L’affaire des traitements illicites utilisés pour certaines eaux minérales, révélée par la presse début 2024, a fait l’objet d’une « dissimulation par l’État » relevant « d’une stratégie délibérée », estime la commission d’enquête sénatoriale sur les pratiques des industriels de l’eau en bouteille.
« Outre le manque de transparence de Nestlé Waters, il faut souligner celui de l’État, à la fois vis-à-vis des autorités locales et européennes et vis-à-vis des Français (…) Cette dissimulation relève d’une stratégie délibérée, abordée dès la première réunion interministérielle sur les eaux minérales naturelles le 14 octobre 2021. Près de quatre ans après, la transparence n’est toujours pas faite », souligne le rapport de la commission, rendu public ce lundi en fin de matinée après six mois de travaux et plus de 70 auditions.
Nestlé Waters, dont la direction assure avoir découvert fin 2020 sur ses sites Perrier, Hépar et Contrex l’usage de traitements interdits pour de l’eau minérale, avait sollicité à ce sujet mi-2021 l’exécutif, d’abord le gouvernement, puis l’Élysée. Le gouvernement a été avisé par Nestlé en 2021 de son recours à des traitements litigieux.
« Les échecs de l’interministériel »
Dix-huit mois plus tard, un plan de transformation des sites était approuvé par les pouvoirs publics, remplaçant les traitements interdits par une microfiltration fine (avec un seuil de filtration inférieur à 0,8 micron) par ailleurs controversée car à même de priver l’eau minérale de ses caractéristiques.
« Malgré la fraude aux consommateurs que représente la désinfection de l’eau, les autorités ne donnent pas de suites judiciaires à ces révélations » de 2021, souligne le rapport.
D’autant qu’il y a moins de deux semaines, la préfecture du Gard a sommé la compagnie de « retirer dans un délai de deux mois » son système de microfiltration.
Les sénateurs déplorent une « inversion de la relation entre l’État et les industriels en matière d’édiction de la norme » : « Nestlé Waters adopte une attitude transactionnelle, posant explicitement l’autorisation de la microfiltration à 0,2 micron comme condition à l’arrêt de traitements pourtant illégaux ».
Le rapport blâme « les échecs de l’interministériel », « le travail en silo », les ministères de la Consommation et de la Transition écologique écartés…
28 recommandations
« En définitive, c’est au plus haut niveau de l’État que s’est jouée la décision d’autoriser une microfiltration sous le seuil de 0,8 micron », au terme d’une « concertation interministérielle », « dans la continuité des arbitrages pris par le cabinet de la Première ministre, Élisabeth Borne, mais sans que celle-ci ne semble informée », note le rapport.
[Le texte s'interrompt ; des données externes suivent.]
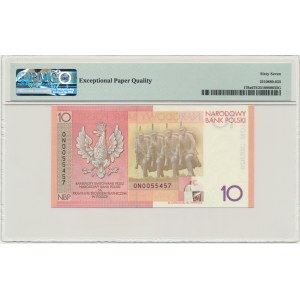 10 or 2008 - 90e anniversaire du rétablissement de l'indépendance - PMG 67 EPQ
« De son côté, la présidence de la République, loin d’être une forteresse inexpugnable à l’égard du lobbying de Nestlé, a suivi de près le dossier », ajoute la commission, qui se base sur « des documents recueillis par ses soins » : elle « savait, au moins depuis 2022, que Nestlé trichait depuis des années ».
Parmi les conséquences, l’industriel a pu continuer à commercialiser son eau sous l’appellation – lucrative — d’eau minérale naturelle. Dans le même temps, à ce jour, il n’y a pas « de vérifications exhaustives de l’absence de traitements interdits sur tous les sites de production d’eau conditionnée », relève le rapport.
La commission, parmi 28 recommandations, préconise un suivi qualitatif des nappes, « un contrôle effectif du niveau de prélèvement réalisé par les industriels minéraliers », un meilleur étiquetage pour les consommateurs.